Cloud Source
Introduction
Atoti's CSV and Parquet Sources can be interfaced with a Cloud Source, which allows these sources to extract their data directly from a cloud storage provider.
The Cloud Source provides a thin abstraction layer for common cloud providers that is described in this page.
Supported cloud providers for the Cloud Source are:
These storages share interesting characteristics:
- Very good performance
- Unlimited storage capacity
- Affordable (~$0.3 per GB/year)
- Free upload
You can deploy an Atoti application in the cloud that will download a huge amount of data in a few minutes (see Azure's blog post).
Be careful to deploy your code and your data in the same region otherwise you will incur extra fees when the CSV Source loads data.
Cloud Source Abstractions
All cloud providers organize their data in a structure that can be assimilated with directories and entities (which can be associated with what a file is in a traditional local file system).
The abstractions used by the cloud source refer to these two concepts for all cloud sources. Specific information on usage and on what exactly these terms refer to can be found in the appropriate cloud provider page.
For each of the following interfaces, additional methods are usually available when using cloud-provider-specific implementors instead. Refer to the appropriate cloud provider page for more detail.
ICloudDirectory
This interface represents a directory in the cloud storage. The directory
structure is emulated by using the /
character.
It exposes methods for listing all contained subdirectories and entities. Assuming the following folder structure:
📦someDirectory
┣ 📂subdirectory1
┃ ┗ 📜entity2.csv
┣ 📂subdirectory2
┃ ┃ 📜entity3.csv
┃ ┗ 📂subdirectory3
┗ 📜entity1.csv
The listing methods will return the following objects:
final ICloudDirectory<EntityType> directory = someDirectory;
final List<ICloudDirectory<EntityType>> subdirectories = directory.listDirectories();
final List<ICloudEntityPath<EntityType>> entities = directory.listEntities(false);
final List<ICloudEntityPath<EntityType>> allEntities = directory.listEntities(true);
subdirectories
will contain subdirectory1 and subdirectory2entities
will contain entity1.txtallEntities
will contain entity1.txt, entity2.txt and entity3.txt
An entity or subdirectory can also be retrieved directly from a parent directory.
final ICloudDirectory<EntityType> directory = someDirectory;
final ICloudDirectory<EntityType> subdirectory1 =
someDirectory.getSubDirectory("subdirectory1");
final ICloudDirectory<EntityType> subdirectory3 =
someDirectory.getSubDirectory("subdirectory2/subdirectory3");
final ICloudEntityPath<EntityType> entity1 = someDirectory.getEntity("entity1.csv");
final ICloudEntityPath<EntityType> entity2 =
someDirectory.getEntity("subdirectory1/entity2.csv");
ICloudEntity
This interface is associated with a unit of data on the cloud storage, much like a file in a traditional local file system.

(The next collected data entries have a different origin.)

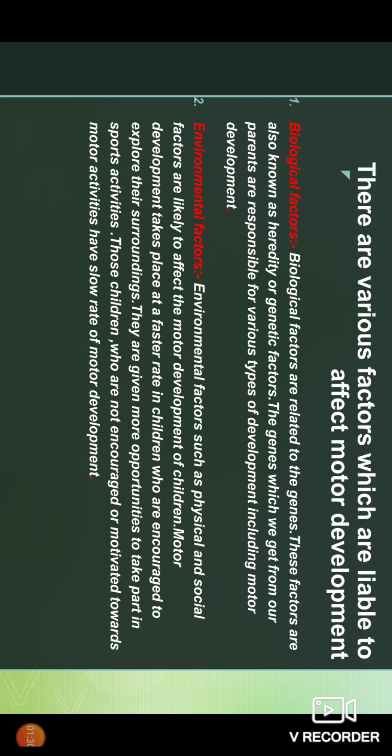Environmental and mental factors such as physical and social factors are likely to affect the motor development of children. Motor development takes place at a faster rate in children who are given more opportunities to take part in sports activities.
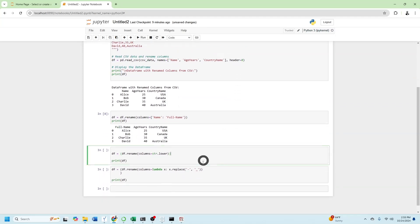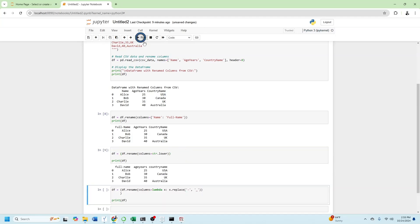I can also make changes all at once. Let's click on the second one and run. You can see df.rename columns equals str.lower is going to change everything to lowercase.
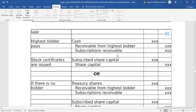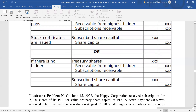After collection from the highest bidder, record the issuance of the stock certificate: debit subscribed share capital, credit share capital. If there is no highest bidder, all the stocks will go back to the corporation as treasury shares. In that case: debit treasury shares, and credit receivable from highest bidder, subscription receivable, and also debit subscribed share capital and credit share capital.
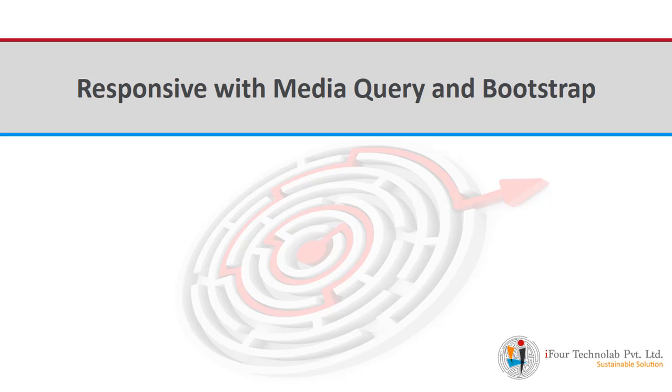Hello and welcome to i4 Institute. I am Khushbu. I am working as software developer in i4 Technolabs Private Limited.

Instances can be created without performing remote calls.
It serves as a facade to an entity on a cloud storage. It provides various methods to retrieve an entity's metadata and content:
final EntityType entity = someEntity;
final String entityName = entity.getName();
final String parentBucket = entity.getBucket();
final long size = entity.getLength();
final Date lastModified = entity.getLastModified();
final byte[] contents = entity.download();
// ...
entity.delete();
ICloudEntityPath
This interface represents a path to a potential ICloudEntity
object. It allows the creation of the referred-to ICloudEntity
, or/and its
retrieval once it is created.
Much like ICloudEntity
it provides various methods to retrieve the entity's
metadata.
final ICloudEntityPath<EntityType> entityPath = someDirectory.getEntity("example.csv");
if (entityPath.exists()) {
final String name = entityPath.getName();
final String parentBucket = entityPath.getBucket();
final Date lastModified = entityPath.getLastModifiedTime();
}
final EntityType entity = entityPath.toEntity();
// ...
It additionally exposes methods to upload content to the referenced entity,
which is not required to already exist. In this case, an actual entity is
created on the cloud storage using the information held by the
ICloudEntityPath
.
entityPath.upload("data".getBytes());
entityPath.upload(Path.of("path", "to", "file"));
entityPath.upload(csvInputStream(), contentLength);
Warning: if the entity already exists at the referenced path, its contents will be overwritten.
Usage with Data Sources
Concurrently Fetching Channel
In order to download data from the cloud, Atoti Server uses
AConcurrentlyFetchingChannel
, a custom high-throughput implementation
SeekableByteChannel
specialized for downloading data from the cloud. The class is specialized for
each supported cloud provider.
This channel implementation downloads the file in multiple parts concurrently, and does not block, which means data from downloaded parts can be read while the others finish downloading.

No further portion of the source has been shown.